What we can now do is that we can pilot, we can-- you can do live translation based on AI technology without connecting to a public cloud service. This is because Pexip's server-side processing technology enables these AI features in private or sovereign clouds and even self-hosted environments. This is something that some of our large public sector customers really have been looking for, looking for, as data privacy and control are their top priorities. The savings some of these organizations can get from the, from reducing the use of human translators are enormous. The more common features, such as noise reduction, gaze correction, screen composition optimization, and so on, are also on the roadmap. Recently, we launched a short video that gives some more details on what we are doing together with NVIDIA and Oops! What happened there?

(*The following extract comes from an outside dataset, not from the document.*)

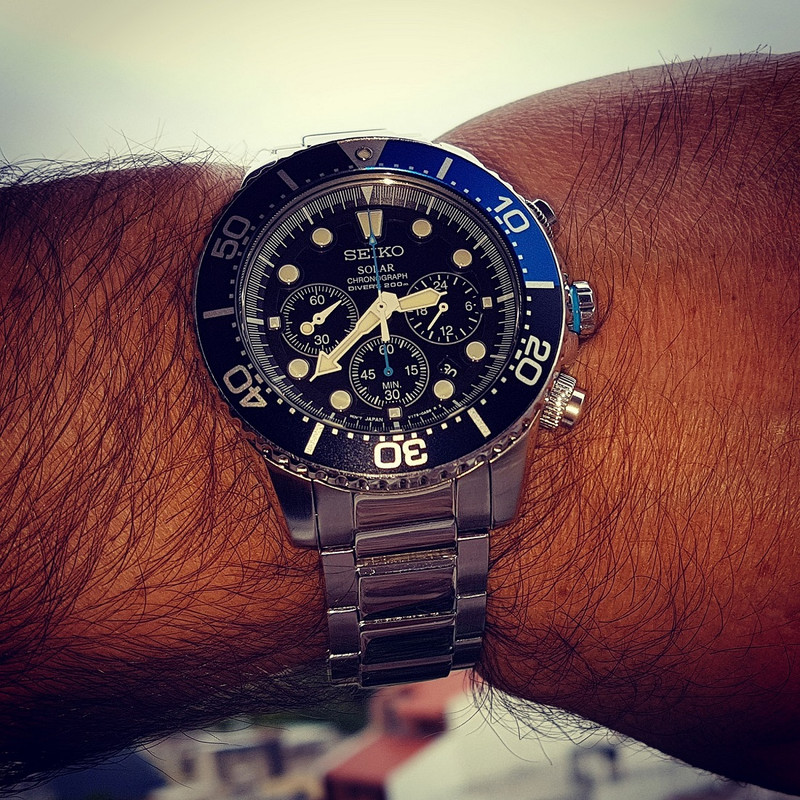 Seiko Solar Daytona Submariner Black  SSC017 200M  (1)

Recently, we launched a short video and a blog post that gives more details on what we're doing together with NVIDIA on the AI side. The video is available on YouTube and through our website and on various social media channels. So take a look at that if you want to get some more insights into what we do here. A few words about our business and our business areas. Our focus is really on two attractive markets, where we see that we can take leadership positions based on the unique and differentiated technology that we have. We take a very collaborative approach to the ecosystem, and we aim to be partnering with leading technology players to complement their solutions and broaden the reach for Pexip's technology.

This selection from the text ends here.